A society in which cheaters, shirkers, and incompetents face no sanction, where bad behavior meets reward, is a morally hazardous one. In economics, the term "moral hazard" refers to the perverse incentives that can arise when agents are insulated from the cost of their actions: A hypochondriac with a health insurance plan that covers the full cost of doctor's visits will make more appointments than one who has a sizable co-pay; a banker who knows at some level that the cost of catastrophically bad bets will ultimately be picked up by the government has far less incentive to avoid blowing everything up while in the zealous pursuit of the highest yield possible.

One way to understand the financial crisis is as the natural result of moral hazard: major financial institutions only took the risks they did because at some institutional level they assumed that if things went terribly wrong the government wouldn't let them fail.

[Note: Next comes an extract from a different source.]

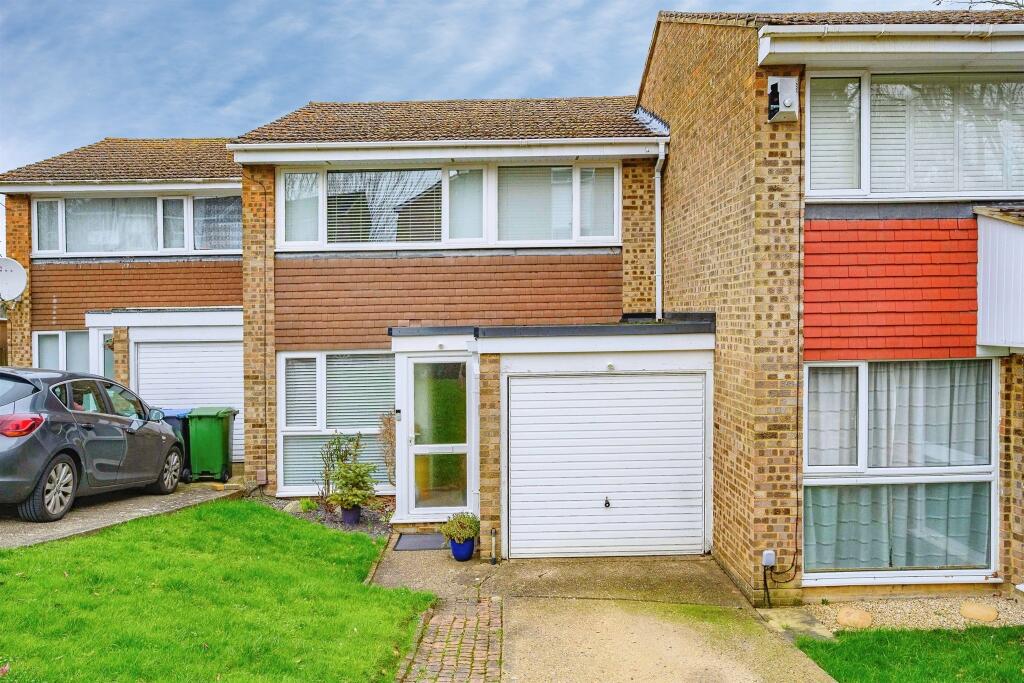 Main image of property: Blair Close, Hemel Hempstead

Whether or not that was the case before the crisis, it's undeniable that the unprecedented actions undertaken by the federal government after the crisis demonstrated definitively that the government will step in to prevent the failure of institutions big and powerful enough to bring down the entire system.

If no one on Wall Street is held accountable for the crash, then what incentive is there not to grab another stack of chips and sit back down at the poker table? The same principle extends beyond Wall Street: an institution that rewards the reckless will act as a spawning ground for recklessness.